Seven boxes checked — the landing phase officially closes, and the family transitions to real life: where other sections of the site take over (business following the five-year timeline, immigration following the 24-month roadmap). As for the feeling of missing home, the evening doubts about whether this decision was right — those don't belong in any checklist. They come and go on their own rhythm, and families who came before testify: by the end of the first year, when your child brings a friend home and dinner has both the flavors of home and new flavors, that question answers itself.
Note: This article is informational reference material, not legal or immigration advice. Visa-L1.com is a business consulting and operations firm, not a law firm; all L-1A and EB-1C legal documents are drafted and filed directly by licensed immigration attorneys in the US. Administrative procedures, insurance, and state regulations change and should be verified at the time of implementation.
Frequently Asked Questions
Is 90 days enough for a family to stabilize?

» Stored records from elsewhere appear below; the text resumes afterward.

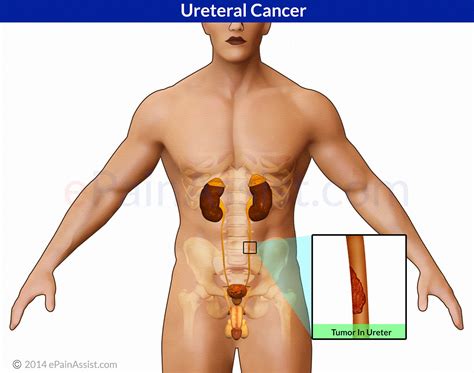 Related online courses on physioplus. Ureteral Cancer or Ureter Cancer or Renal Pelvis Cancer ...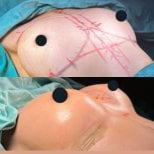 Before and after breast augmentation results at Memorial Bahçelievler Hospital, enhanced shape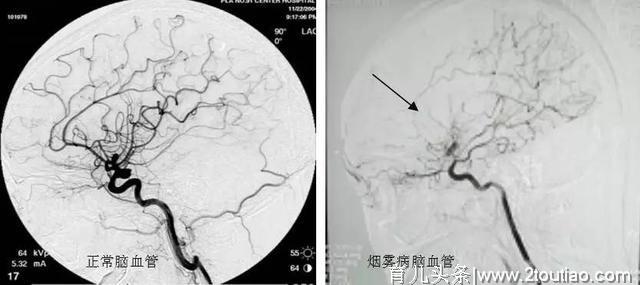 这种脑血管病，好发于儿童和青壮年，医生：出现3症状，及时就医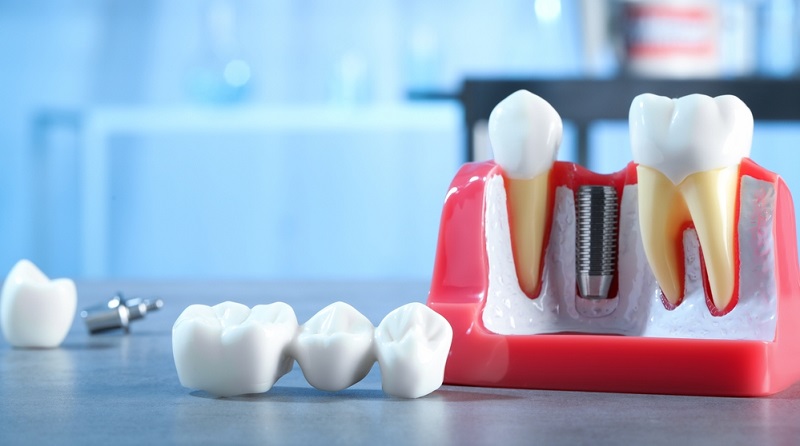 advantages benefits of dental bridges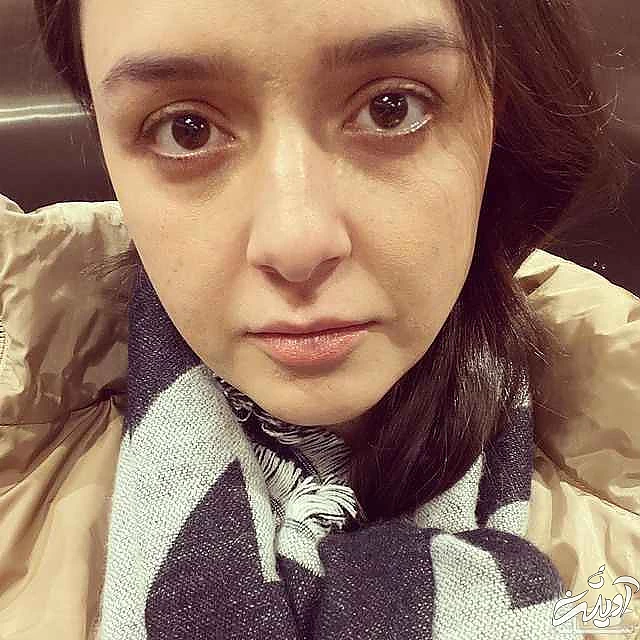 اعتراف ترانه علیدوستی به دماغ چاق خود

Yes for the measurable part — seven foundation criteria groups: paperwork, housing, school, healthcare, transportation, finance, spouse's track — if you follow the correct dependency order (paperwork week 1, lease unlocks the weeks 2-4 cluster, protection layer weeks 3-6). The feeling part — feeling this place is home — arrives much later and on its own timeline for each person. This calendar measures milestones, not emotions, and that's normal.
What usually gets delayed most in 90 days and what does it affect?
Long-term housing lease — the key that unlocks the entire middle cluster: school needs an address, vehicle registration needs an address, all document updates wait for an address. Two weeks late on housing means a month late on the whole chain. Prevent it by identifying school districts before your flight, viewing apartments in week two with rental applications already prepared according to the housing article.
How should both spouses divide roles during these 90 days?
Common framework: week 1 go together (government offices need both, and both learn the system); weeks 2-6 spouse leads housing-school-healthcare while principal applicant accelerates business and leads vehicle-license track; months 2-3 maintain rhythm and open spouse's own track. Most important: clear agreement and review at the 90-day mark — letting role division drift by default indefinitely is the formula for one person burning out.
What calendar do you use after 90 days?
Family transitions to recurring rhythms: quarterly family review (aligned with business dashboard rhythm — two-wallet budget, each person's document calendar, role division), family compliance calendar (vehicle renewal, insurance renewal, tax season), and immigration file tracking per the operations-EB-1C section (renewal milestone in months 8-9 of year one already in sight). The site is designed to connect: each phase has its own section.